■ **TASK TO COMPLETE**
What you return must be an exact copy of the lines in the listing below between the line holding "Terrassen har god" and the line holding "Plaza Concepcion Garcia Redondo, 1 Apartment", inclusive, and nothing more.

■ **DATASET EXCERPTS**
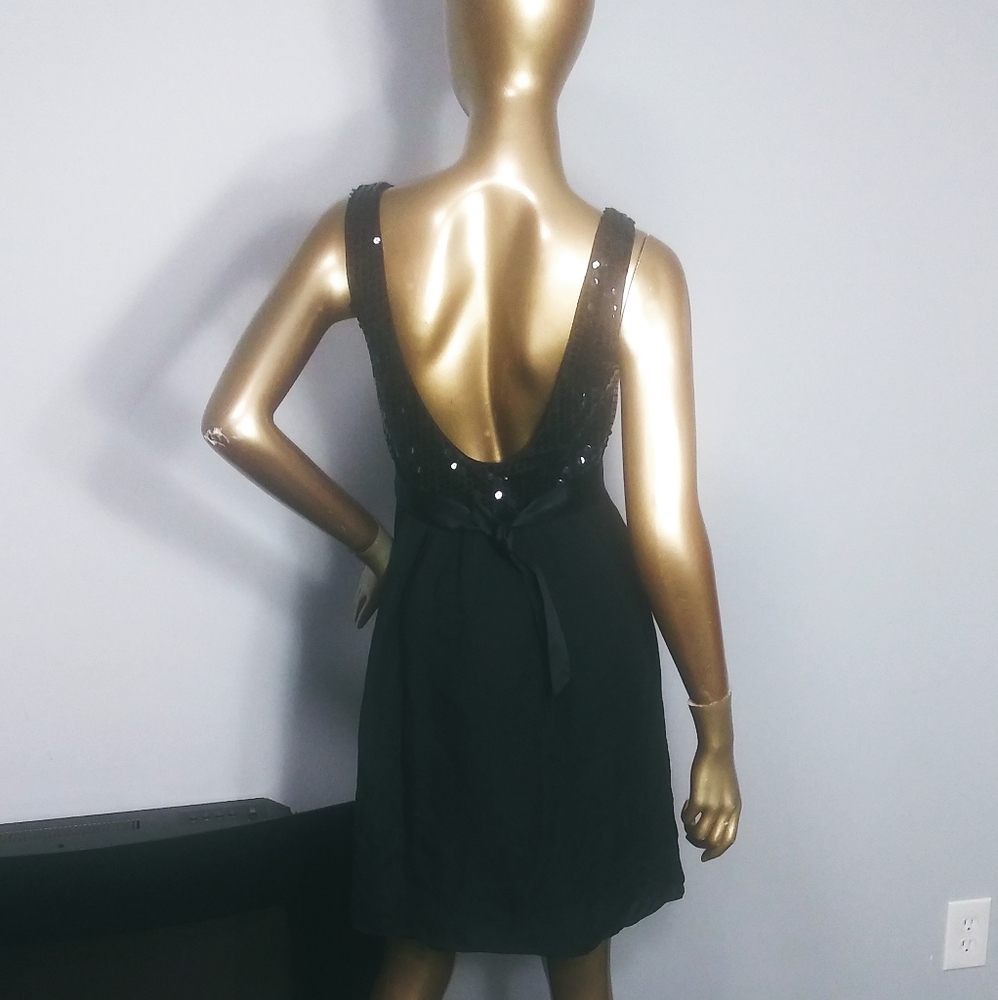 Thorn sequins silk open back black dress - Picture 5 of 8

* * *

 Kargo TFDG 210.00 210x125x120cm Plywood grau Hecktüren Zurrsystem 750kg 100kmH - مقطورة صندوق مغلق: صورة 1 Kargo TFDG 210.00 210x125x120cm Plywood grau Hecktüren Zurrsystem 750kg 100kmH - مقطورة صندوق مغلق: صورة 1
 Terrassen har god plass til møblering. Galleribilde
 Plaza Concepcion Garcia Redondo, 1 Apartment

■ **REPLY TO THE TASK**
 Terrassen har god plass til møblering. Galleribilde
 Plaza Concepcion Garcia Redondo, 1 Apartment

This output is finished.